O Centro de Segurança de IA (CAIS) divulgou recentemente um comunicado assinado por figuras proeminentes no campo da inteligência artificial, destacando os perigos potenciais que a tecnologia representa para a humanidade.

A declaração afirma que “mitigar o risco de extinção da IA ​​deve ser uma prioridade global, juntamente com outros riscos à escala social, como pandemias e guerra nuclear”.

Pesquisadores renomados e vencedores do Prêmio Turing, incluindo Geoffery Hinton e Yoshua Bengio, bem como executivos da OpenAI e DeepMind, como Sam Altman, Ilya Sutskever e Demis Hassabis, assinaram a declaração.

O objetivo da carta CAIS é iniciar discussões em torno dos riscos urgentes associados à IA. A carta atraiu apoio e críticas na indústria em geral. Segue-se uma carta aberta anterior assinada por Elon Musk, Steve Wozniak e mais de 1.000 outros especialistas, que apelaram à suspensão do desenvolvimento “fora de controlo” da IA.

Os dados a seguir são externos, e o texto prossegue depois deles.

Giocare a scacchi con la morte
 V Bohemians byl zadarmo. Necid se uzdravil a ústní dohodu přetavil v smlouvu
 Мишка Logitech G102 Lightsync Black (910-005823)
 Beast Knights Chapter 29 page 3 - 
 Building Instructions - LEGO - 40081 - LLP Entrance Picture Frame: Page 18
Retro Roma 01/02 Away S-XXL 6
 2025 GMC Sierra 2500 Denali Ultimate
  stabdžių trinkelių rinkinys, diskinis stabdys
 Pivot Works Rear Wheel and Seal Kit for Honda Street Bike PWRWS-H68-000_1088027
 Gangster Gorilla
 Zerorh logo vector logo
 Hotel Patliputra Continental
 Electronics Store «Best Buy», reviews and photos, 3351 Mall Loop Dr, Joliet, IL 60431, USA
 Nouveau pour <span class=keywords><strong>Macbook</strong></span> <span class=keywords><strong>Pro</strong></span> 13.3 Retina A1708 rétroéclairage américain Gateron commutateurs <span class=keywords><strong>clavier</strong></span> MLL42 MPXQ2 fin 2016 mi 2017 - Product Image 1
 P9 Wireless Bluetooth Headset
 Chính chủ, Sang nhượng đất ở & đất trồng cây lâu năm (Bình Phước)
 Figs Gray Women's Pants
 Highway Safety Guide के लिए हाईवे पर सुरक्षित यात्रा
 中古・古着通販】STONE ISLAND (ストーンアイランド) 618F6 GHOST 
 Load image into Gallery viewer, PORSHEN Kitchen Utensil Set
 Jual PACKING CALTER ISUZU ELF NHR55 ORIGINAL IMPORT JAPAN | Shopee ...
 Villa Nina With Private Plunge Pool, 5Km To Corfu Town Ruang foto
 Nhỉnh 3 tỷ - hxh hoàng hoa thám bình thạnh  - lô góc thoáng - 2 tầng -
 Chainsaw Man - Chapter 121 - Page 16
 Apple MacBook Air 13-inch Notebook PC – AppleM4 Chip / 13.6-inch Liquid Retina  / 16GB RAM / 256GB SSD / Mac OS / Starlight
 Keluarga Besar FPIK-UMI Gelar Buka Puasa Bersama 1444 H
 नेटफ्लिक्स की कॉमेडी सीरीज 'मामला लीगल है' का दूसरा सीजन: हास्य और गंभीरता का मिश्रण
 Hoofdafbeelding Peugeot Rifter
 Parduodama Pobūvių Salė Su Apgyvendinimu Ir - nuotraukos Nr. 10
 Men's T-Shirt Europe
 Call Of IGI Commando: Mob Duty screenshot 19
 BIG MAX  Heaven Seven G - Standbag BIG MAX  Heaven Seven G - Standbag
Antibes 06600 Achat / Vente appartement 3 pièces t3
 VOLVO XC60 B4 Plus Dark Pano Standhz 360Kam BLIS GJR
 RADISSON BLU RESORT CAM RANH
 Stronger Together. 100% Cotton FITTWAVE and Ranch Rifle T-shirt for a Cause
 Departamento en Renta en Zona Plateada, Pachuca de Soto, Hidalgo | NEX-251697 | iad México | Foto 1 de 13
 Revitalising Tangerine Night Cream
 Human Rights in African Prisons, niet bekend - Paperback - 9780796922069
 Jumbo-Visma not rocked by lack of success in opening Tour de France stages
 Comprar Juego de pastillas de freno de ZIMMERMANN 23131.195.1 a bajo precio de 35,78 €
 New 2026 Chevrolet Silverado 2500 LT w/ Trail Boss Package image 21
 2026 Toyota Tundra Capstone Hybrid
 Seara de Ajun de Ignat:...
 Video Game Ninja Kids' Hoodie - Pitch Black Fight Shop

Apesar da sua brevidade, a declaração recente não fornece detalhes específicos sobre a definição de IA nem oferece estratégias concretas para mitigar riscos. No entanto, o CAIS esclareceu num comunicado de imprensa que o seu objetivo é estabelecer salvaguardas e instituições que gerem eficazmente os riscos da IA.

O CEO da OpenAI, Sam Altman, tem se envolvido ativamente com líderes globais, defendendo regulamentações de IA. Durante uma recente aparição perante o Senado, Altman apelou repetidamente aos legisladores para regulamentarem fortemente a indústria. A declaração do CAIS está alinhada com os seus esforços para aumentar a conscientização sobre os perigos da IA.

Embora a carta aberta tenha gerado atenção, alguns especialistas em ética da IA ​​criticaram a tendência de emitir tais declarações.

Sasha Luccioni, cientista investigadora em aprendizagem automática, sugere que mencionar riscos hipotéticos da IA ​​juntamente com riscos tangíveis, como pandemias e alterações climáticas, aumenta a credibilidade dos primeiros, ao mesmo tempo que desvia a atenção de questões imediatas, como preconceitos, desafios legais e consentimento.

Daniel Jeffries, escritor e futurista, argumenta que discutir os riscos da IA ​​tornou-se um jogo de status, onde os indivíduos aderem ao movimento sem incorrer em quaisquer custos reais.

Os críticos afirmam que assinar cartas abertas sobre ameaças futuras permite que os responsáveis ​​pelos actuais danos da IA ​​aliviem a sua culpa, ao mesmo tempo que negligenciam os problemas éticos associados às tecnologias de IA que já estão em utilização.

No entanto, a CAIS, uma organização sem fins lucrativos sediada em São Francisco, continua focada na redução dos riscos da IA ​​à escala social através de investigação técnica e advocacia. A organização foi cofundada por especialistas com formação em ciência da computação e grande interesse em segurança de IA.

Enquanto alguns investigadores temem o surgimento de uma IA superinteligente que ultrapassa as capacidades humanas e representa uma ameaça existencial, outros argumentam que assinar cartas abertas sobre hipotéticos cenários apocalípticos desvia a atenção dos dilemas éticos existentes em torno da IA. Enfatizam a necessidade de abordar os problemas reais que a IA coloca hoje, como a vigilância, os algoritmos tendenciosos e a violação dos direitos humanos.

Equilibrar o avanço da IA ​​com uma implementação e regulamentação responsáveis ​​continua a ser uma tarefa crucial para investigadores, decisores políticos e líderes da indústria.